Configuration and Status Information

MarkLogic provides a variety of ways to make monitoring and managing MarkLogic easy. In this tutorial, we’ll give you a quick overview of each of them, and talk about how they can fit into a bigger monitoring picture. But before we begin, let’s take a quick detour to the scene of a potentially disastrous administrative scenario.

The Inside Story

Meet Jill and Ted. They’re both experienced database administrators, but they’re very new to MarkLogic Server. They’re working with a team of developers who are in a mad dash to get their first, mission-critical, application up and running.

Jill and Ted are smart and they’ve got some basic principles under their belt. For example, they know that storing data requires adequate space on disk to accommodate merges. They’re working on getting monitoring tools and scripts in place, but in the meantime they’ve let developers know that they should check in before starting to bulk load data on the staging cluster. And since they’re the only ones with administrative credentials for that cluster, they’re also answering lots of questions about index settings and other configuration details.

Jill goes skiing on a Saturday, and runs into a tree; she’s out of commission for a while. Ted is scrambling to keep up with the demands and get the necessary monitoring tools in place. But company security policy prevents him from giving anyone else the administrative role, since administrators have access to security settings.

What can Ted do to get monitoring in place faster in Jill’s absence, and make the developers more self-sufficient?

Built-in Tools

Out of the box, Ted can enable trusted developers to get status and configuration information that they need on their own.

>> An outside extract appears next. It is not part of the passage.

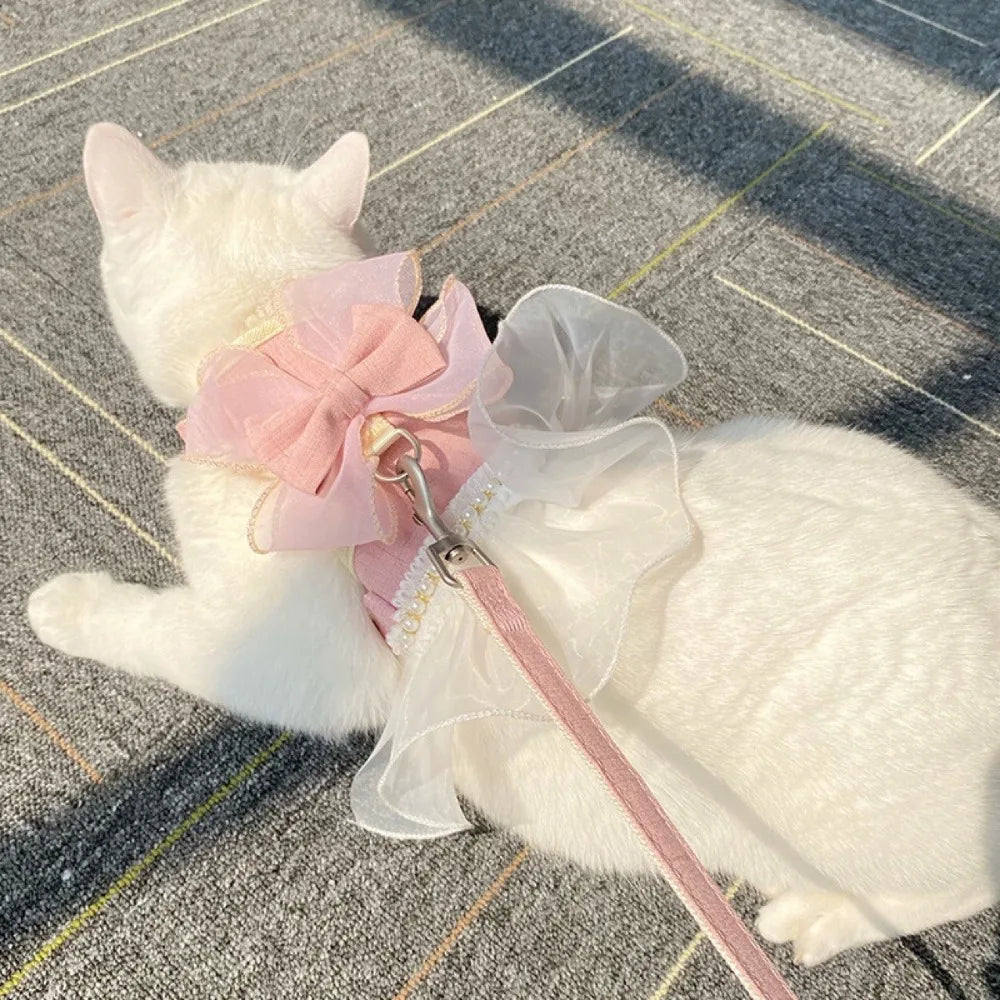 Princess-Style Cat Harness & Leash Set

He can simply assign them manage-user role, and direct them to two new tools hosted on port 8002.

Configuration Manager

Configuration Manager provides read-only access to much of the same configuration and status information that he can see in the Administrative Interface, with a few exceptions (like security-related resources).

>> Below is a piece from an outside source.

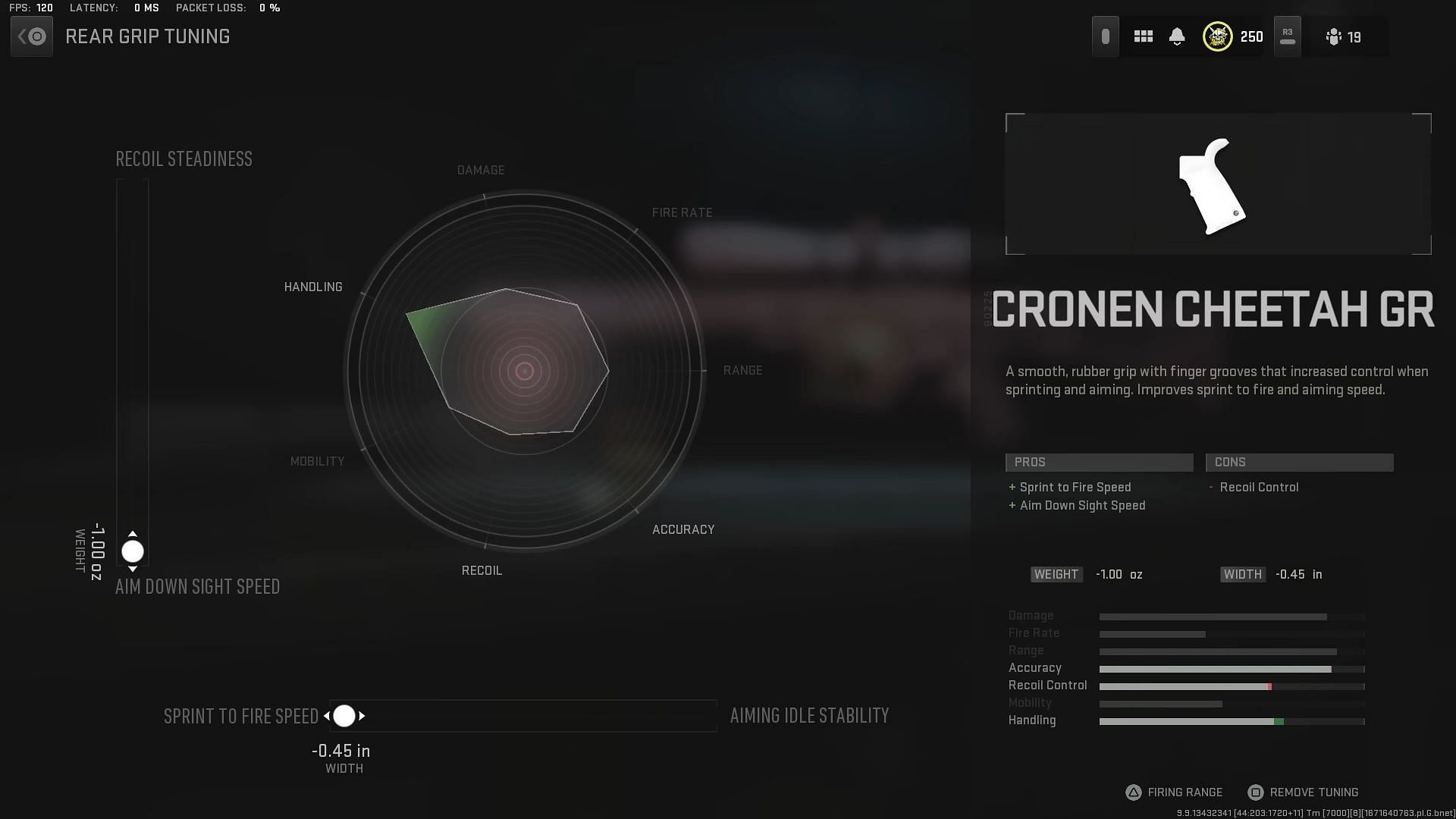 Tuning for the Cronen Cheetah Grip Warzone 2 (Image via Activision and YouTube/Faze Testy)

Ted can direct developers to the Configuration Manager if they need information about how the server is configured. For example, they can determine which indexes are configured on a database without having to ask Ted.

Monitoring Dashboard

The Monitoring Dashboard is a lightweight, real-time, task-focused web interface designed around three common sets of questions:

How are my queries performing? Which queries are running slowest?
How are I/O rates and loads on my server now?
How much disk space do I have available, and how it it distributed? Am I running out of space?

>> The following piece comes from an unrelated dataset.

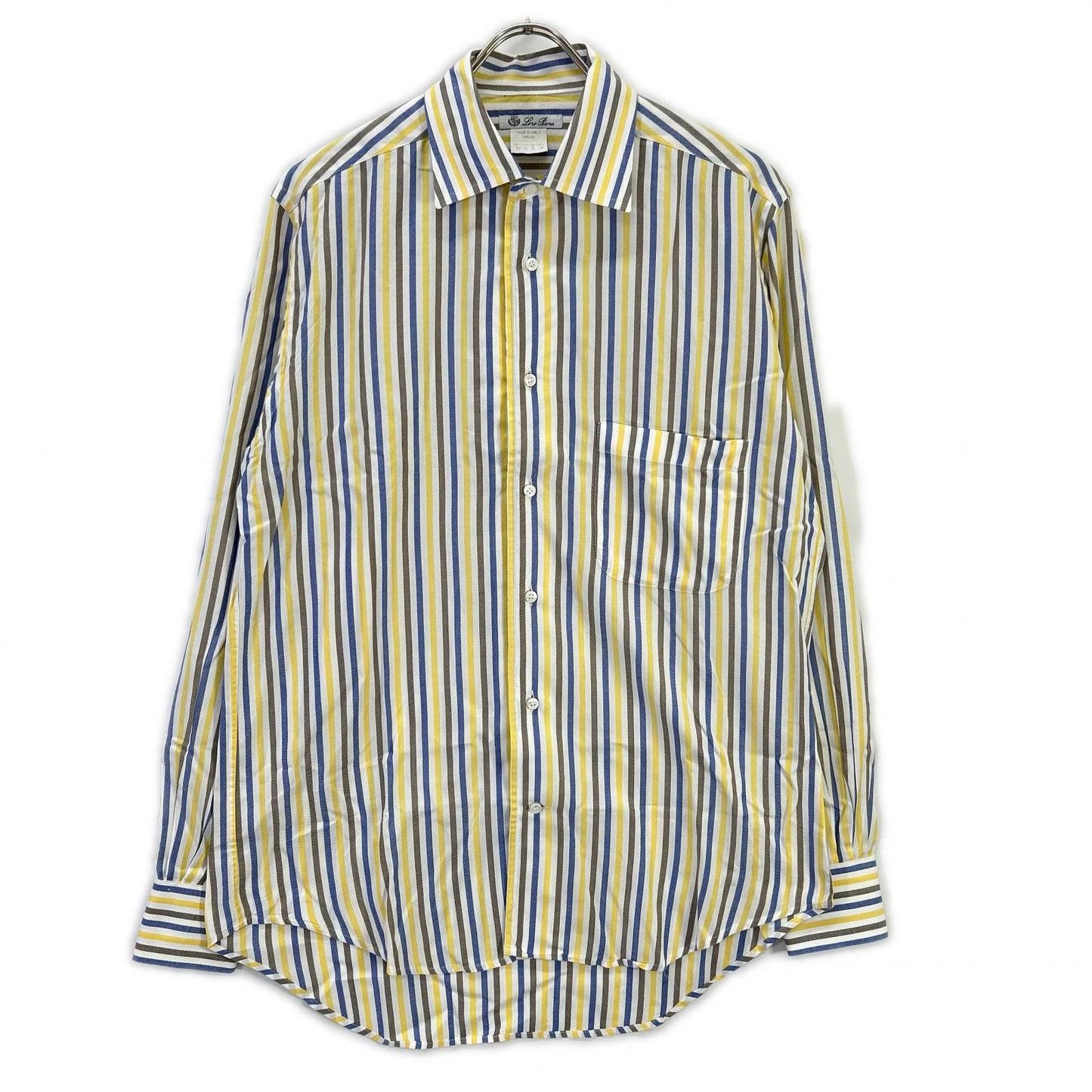 Loro Piana ロロピアーナ イエロー×ネイビー コットン ストライプ 長袖シャツ トップス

Ted can point his developers to the Monitoring Dashboard if they want information to help them understand activity on the system or if they want to check disk space before and during ingestion.

Monitoring History

Monitoring History provides an historical record of critical metrics making it easier to comprehend cluster performance over time.

Before Jill’s accident, Ted and Jill had setup replica forests to enable a local disk failover strategy which will help
make their application highly available, even if things go wrong. Ted wants to test this feature now and would like to work with his operations engineers to determine the impact failover would have on performance, which in turn helps them provision the cluster properly.

Monitoring History allows Ted and the operations engineers to zoom in on the time period they tested failover, alowing the ability to drill down into metrics reporting on:

Disks- Writes, Query Traffic, Merge Reads, Merge Writes, Backup, Restore
CPU- User, Nice, System, I/O Wait, IRQ, Steal
Memory- Memory footprint, I/O
Servers- App Server Request Rate, App Server Latency, Task Server Queue Size, Expanded Tree Cache Hits/Misses
Network- XDQP Read, XDQP Write, Foreign XDQP Read, Foreign XDQP write
Databases- Active/Deleted Fragments, Data size, Lock rate, Database Replication

Ted ‘bookmarks’ the test time periods in Monitoring History, using the handy label mechanism, so when Jill recuperates and comes back to work; she can review, compare and contrast for herself.

Plugin for Nagios

Once he’s freed himself from many of the developers’ demands, Ted can turn his attention to getting a monitoring strategy in place. His first stop: check out an out-of-the-box integration.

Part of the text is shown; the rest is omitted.